The Kalamazoo Emigration Society's charter provided for the establishment of a Congregational Church, but in fact the Presbyterian Church of Gull Prairie was the first religious institution in Richland. Writings in a small lined minute book recorded a meeting in the log cabin of Cornelius and Mary Northrop on 14 October 1831 to form the Presbyterian Church. The next religious group to organize was the Congregationalists, and the two bodies were often at odds over various aspects of frontier life. However, over time these disputes were resolved, and the religious community of Richland expanded to include Methodist, Baptist, and Catholic congregations.
Early social activities included barn raising, quilting parties, corn husking, apple-paring bees, and Temperance meetings. The Temperance movement was strong in the Richland area. The Richland Red Ribbon Club was formed in 1878 to "promote temperance and make it so attractive as to draw in our fathers and mothers... and save our sons and our daughters from the evils of the intoxicating cup." The Ladies Library Association was organized by a group of women in 1880 to make good books available within the community. In 1923 the Gull Prairie Garden Club, still active today, was started to encourage civic involvement. The Masons and Odd-Fellows organized as early fraternal organizations for pioneer men.
The second half of the nineteenth century saw Richland realize its potential as the agricultural center of the county.

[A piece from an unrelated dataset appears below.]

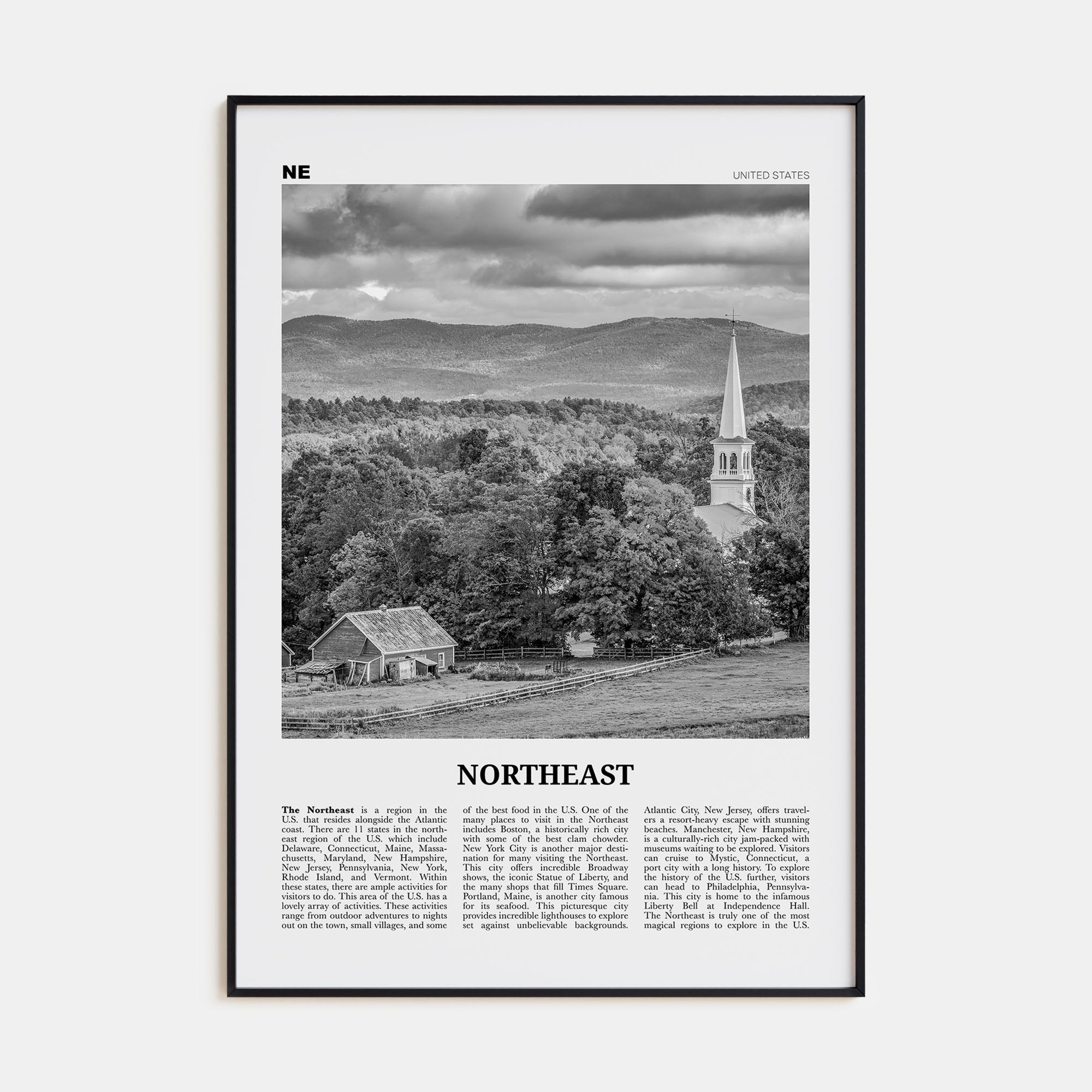 Northeast Travel B&W Poster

By 1870 Richland Township led all others in numbers of crops and livestock. Partly as a response to this success, the residents of the small area called Gull Corners decided to incorporate into the village of Richland, and the bill was approved on 18 March 1871. Soon afterwards Richland slowly began to accumulate some of the trappings and conveniences of its larger neighbors. In the early 1920s, a new consolidated school was built in the village. A fire truck was purchased in 1924. Once Gull Road was paved, a bus line was able to stop there starting in 1925. As a response to the widespread unemployment brought about by the Great Depression, Dr. W. E. Upjohn, established a project called the Upjohn Richland Farms in 1931.